Ruth #1: (Almost) the Poster Child for Good Friends Everywhere

Sometimes, Ruth can be a profoundly loyal friend. True, these moments are few and far between. But when they happen, they're real gems. Remember when Ruth tries so hard to find Kathy's lost Judy Bridgewater tape? That was super sweet. And what about the time that Ruth consoles Kathy after she's broken up with Lenny? Another gold star for Ruth. See? Ruth can be selfless and caring at the best of times. Plus, she's always down for a late night cup of tea and a long heart-to-heart.

But what keeps Ruth from being a good friend all the time? Well, there are oodles of reasons, but here's the one that stands out to us: competition. Let's get real here. Our leading trio is made up of two girls and one guy. Just think of Harry Potter (gender ratios reversed, of course). Whenever there's a trio like this, competition is bound to crop up. It's basic friendship math.

And who do you think Ruth feels the most competition with? We'll give you a hint (not like you need it): her name starts with a "K" and ends with an "athy."

Yet in the end, Ruth really tries to make up for all her slip-ups as a friend. She tracks down Madame's address for Kathy and Tommy so they can apply for a deferral. Sure, Ruth was the one to keep those lovebirds apart in the first place. But she works hard to make amends and get those two crazy kids together.

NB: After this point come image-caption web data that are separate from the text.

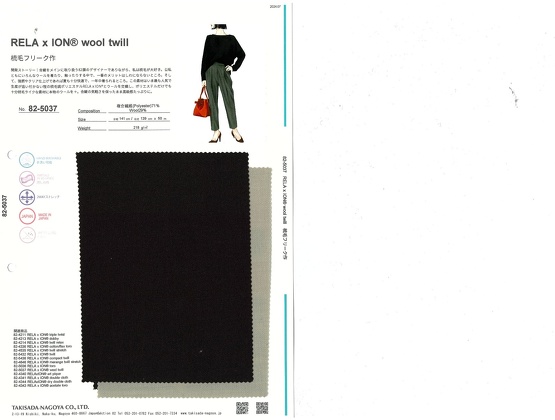 ブックイメージ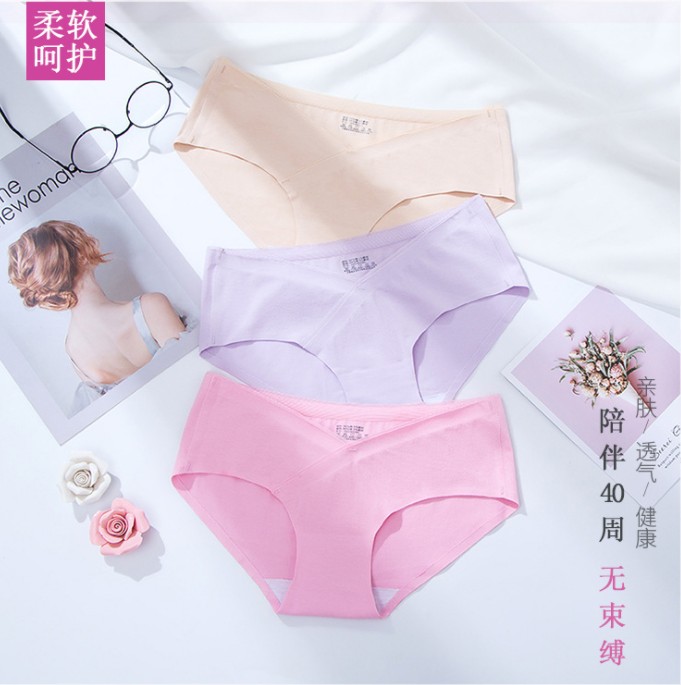 pure cotton No trace Single chip pregnant woman Underwearin the Maternity/Maternal supplies/Nutrition , Nursing bra/Briefs/Check-pants , Briefs category - from Buy2taobao.com to provide professional Taobao agent buy service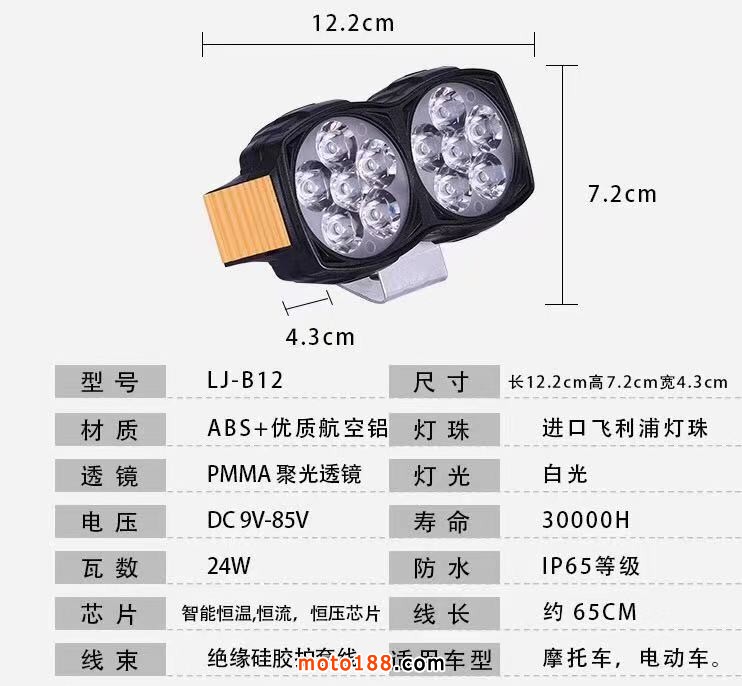 微信图片_20181227085503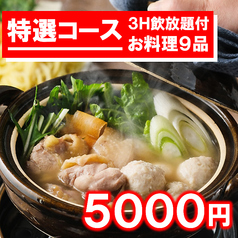 【喫煙可】焼鳥・和食・鍋 120種食べ飲み放題 個室居酒屋 かんぱい屋 千葉本店のコース写真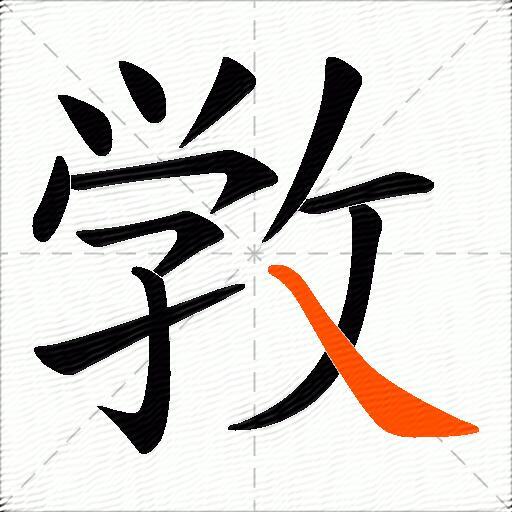 敩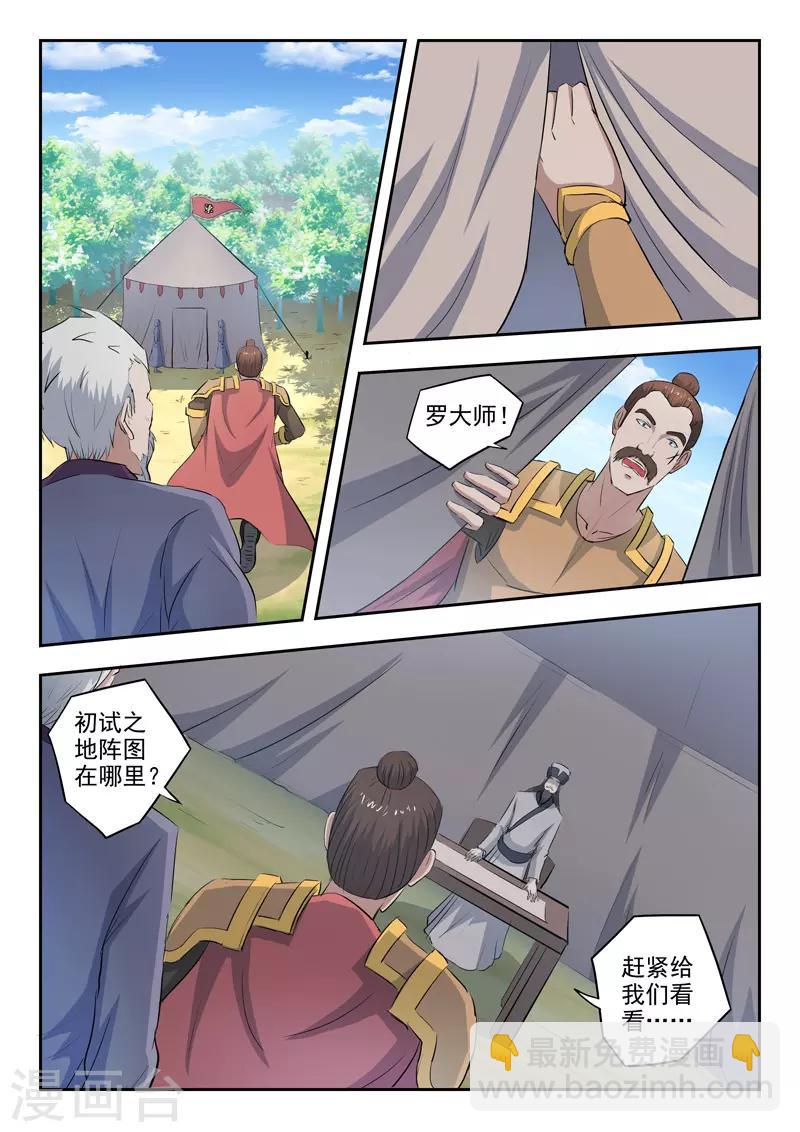 第356话1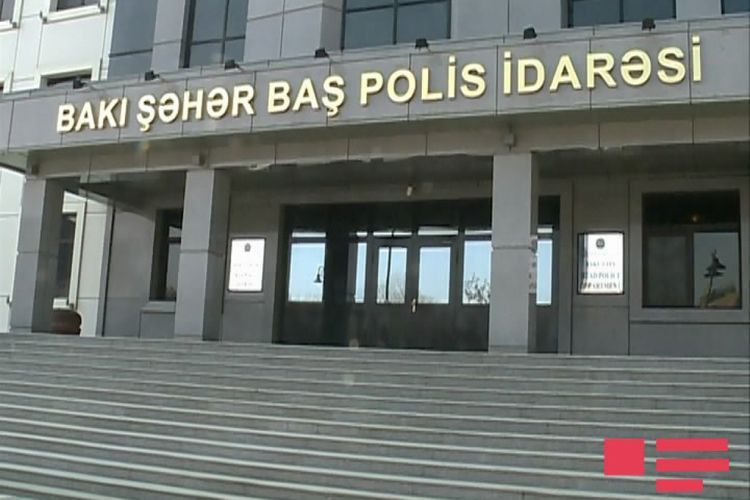 В Главном управлении полиции Баку произведено новое назначение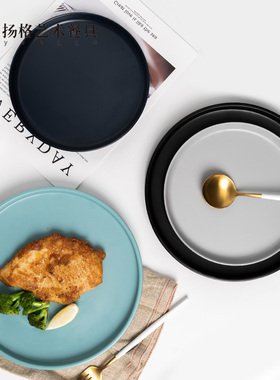 扬格北欧创意圆盘牛排盘子网红西餐子盘圆盘意面盘自助餐碟炒菜盘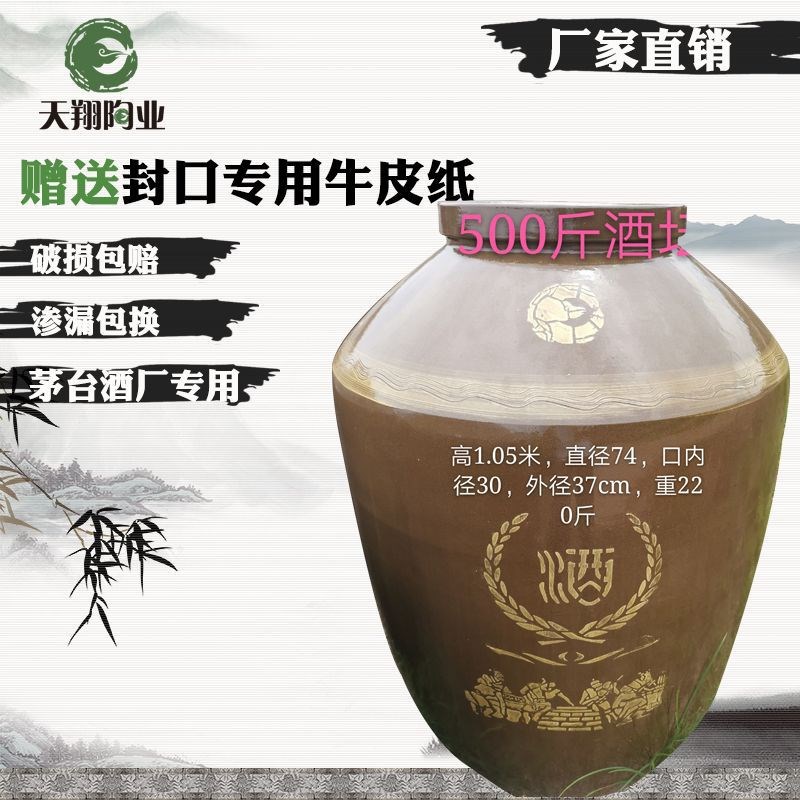 厂商土陶瓷储酒坛 陶瓷酒缸 耐用储I酒缸 发酵缸 醋坛窖藏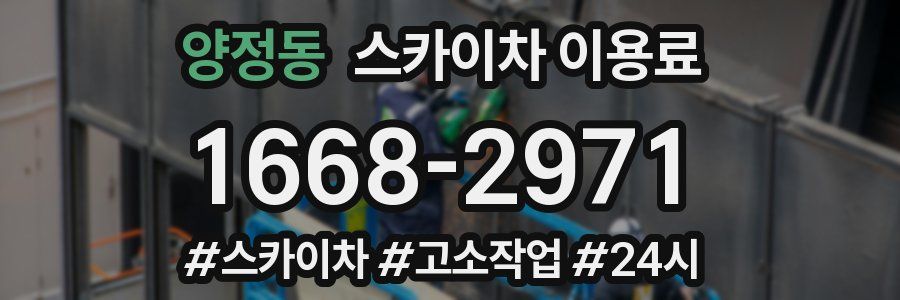 양정동 스카이차 이용료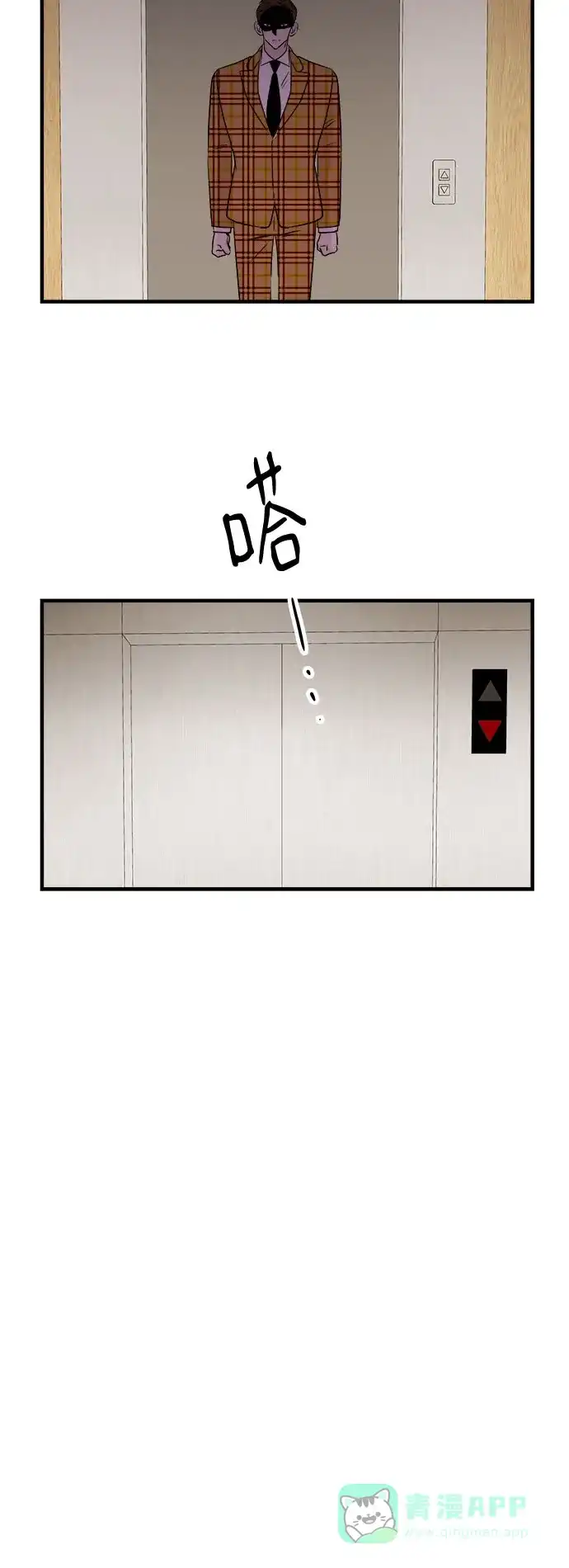《你的声音》第30话 第41页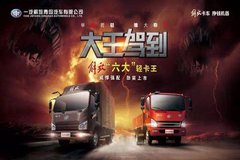 һ��������ذ��Ʒ���� ̨��վ�ƽ��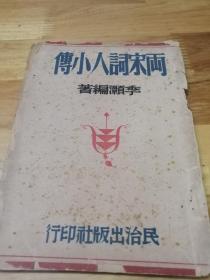1947年初版《两宋词人小传》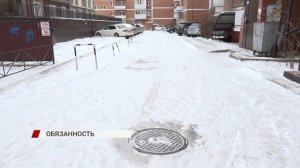 Безопасность возле домов: кто в ответе?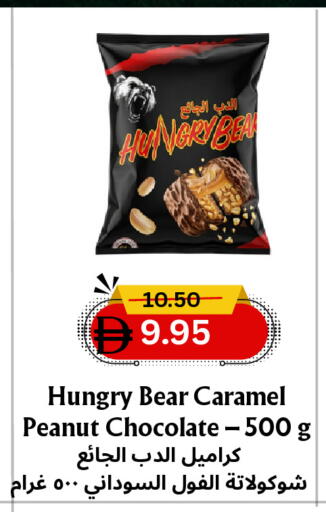 available at مركز مترو للخصومات in الإمارات العربية المتحدة , الامارات - دبي
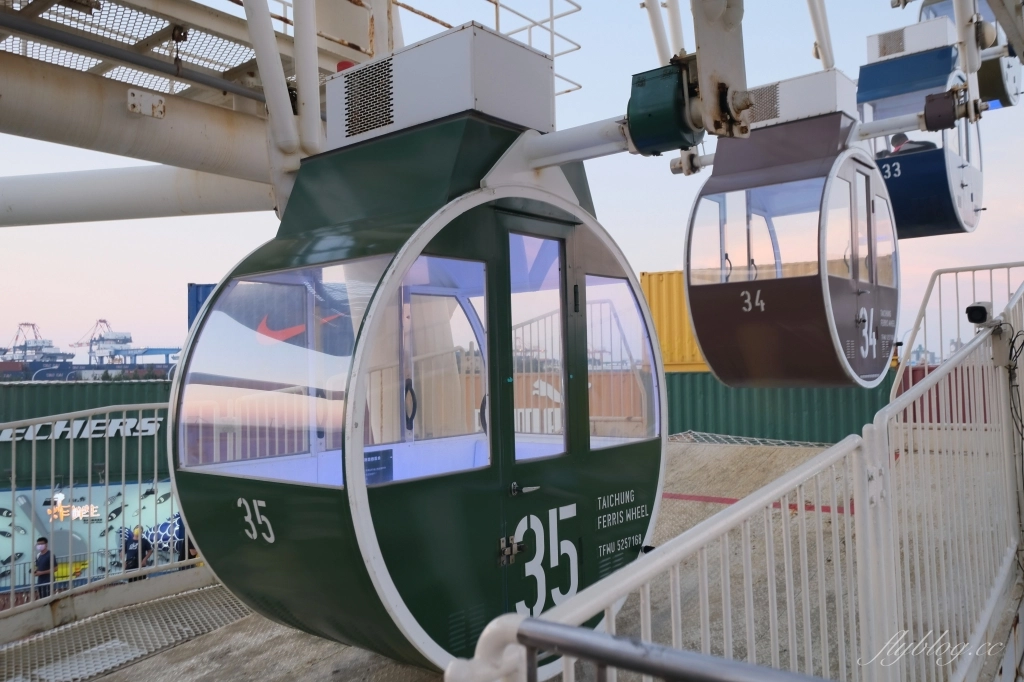 【台中梧棲】台中之星摩天輪，台中三井OUTLET~全台最高的臨海摩天輪，瞭望台中港、海景山景以及夕陽 @飛天璇的口袋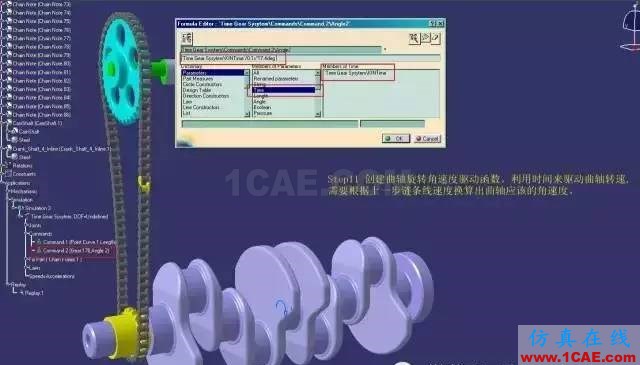 老司機課堂：CATIA技能之DMU的另類應用Catia學習資料圖片15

There's so much to say about Ruth's unique brand of friendship. Itching to read more? Jet over to the "Friendship" theme and quotes where it's no surprise that she pops up a lot.

Ruth #2: That Selfish Bossy Pants Who Will Throw You Under the Bus

Right out the gate, we know Ruth is going to be trouble. Even when she's just an itty bitty kid playing in the sandbox, Ruth is already stirring up drama and telling people what to do. As the leader of the secret guard, she'll kick anyone out who so much as looks at her the wrong way. She's a regular seven-year-old tyrant.

The problem is that Ruth wants to be the leading lady all the time. It goes without saying that this version of Ruth can be super selfish. She's more interested in being cool and impressing people than she is in being nice to her friends, especially Kathy and Tommy. This means sometimes she's willing to purposefully leave Kathy out or make Tommy feel like the outcast, just so long as she doesn't get the boot.

Take, for example, that blow-up Ruth has in the churchyard by the Cottages. She's just found out about Tommy's theory on Madame's Gallery and is not pleased at all: "Tommy's been telling me about his big theory. He says he's already told you. Ages ago. But now, very kindly, he's allowing me to share in it too" (16.45). Ruth's not keen on playing second fiddle. Can you hear the snarky sarcasm? We know, we know, it's hard to miss.

But once Ruth becomes a donor, she trades in her bossy pants for… passive pants? She certainly stops being quite so feisty and selfish all the time. While "nice Ruth" might be a pleasant change from "mean Ruth," it's also an indication of just how much the donations have changed her.

A New Ruth

What is it about those donations that have changed the closest thing this book has to a villain? Why does Ruth have this change of heart? We think it's because she realized something that Kathy has been keenly aware of for quite some time—all these clones have is each other. Maybe Ruth let her unhappiness feed her jealousy. Maybe Ruth was just a control freak. But in any case, by the end of the novel, she's let go of the past and hopes for a brighter future for her friends. That, ladies and gentlemen, is quite the transformation. And good thing, too, right? Otherwise this book might have been even darker than it already is.